→ Task to complete
Repeat the listing below exactly as given.
-.-.-
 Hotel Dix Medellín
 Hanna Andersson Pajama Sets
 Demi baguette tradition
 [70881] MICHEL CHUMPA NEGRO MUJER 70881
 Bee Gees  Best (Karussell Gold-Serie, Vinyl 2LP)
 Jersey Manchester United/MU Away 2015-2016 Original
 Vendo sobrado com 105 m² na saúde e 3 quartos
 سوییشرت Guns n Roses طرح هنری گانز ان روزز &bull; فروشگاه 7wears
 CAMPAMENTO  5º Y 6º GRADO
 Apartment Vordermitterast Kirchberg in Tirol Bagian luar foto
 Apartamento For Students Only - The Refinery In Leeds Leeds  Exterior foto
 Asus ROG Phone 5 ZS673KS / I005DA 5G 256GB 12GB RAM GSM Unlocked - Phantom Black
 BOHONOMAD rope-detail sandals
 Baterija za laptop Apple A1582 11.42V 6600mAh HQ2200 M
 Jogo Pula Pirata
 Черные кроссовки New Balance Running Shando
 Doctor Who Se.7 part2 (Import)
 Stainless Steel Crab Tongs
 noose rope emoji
-.-.-
→ Exercise response
 Hotel Dix Medellín
 Hanna Andersson Pajama Sets
 Demi baguette tradition
 [70881] MICHEL CHUMPA NEGRO MUJER 70881
 Bee Gees  Best (Karussell Gold-Serie, Vinyl 2LP)
 Jersey Manchester United/MU Away 2015-2016 Original
 Vendo sobrado com 105 m² na saúde e 3 quartos
 سوییشرت Guns n Roses طرح هنری گانز ان روزز &bull; فروشگاه 7wears
 CAMPAMENTO  5º Y 6º GRADO
 Apartment Vordermitterast Kirchberg in Tirol Bagian luar foto
 Apartamento For Students Only - The Refinery In Leeds Leeds  Exterior foto
 Asus ROG Phone 5 ZS673KS / I005DA 5G 256GB 12GB RAM GSM Unlocked - Phantom Black
 BOHONOMAD rope-detail sandals
 Baterija za laptop Apple A1582 11.42V 6600mAh HQ2200 M
 Jogo Pula Pirata
 Черные кроссовки New Balance Running Shando
 Doctor Who Se.7 part2 (Import)
 Stainless Steel Crab Tongs
 noose rope emoji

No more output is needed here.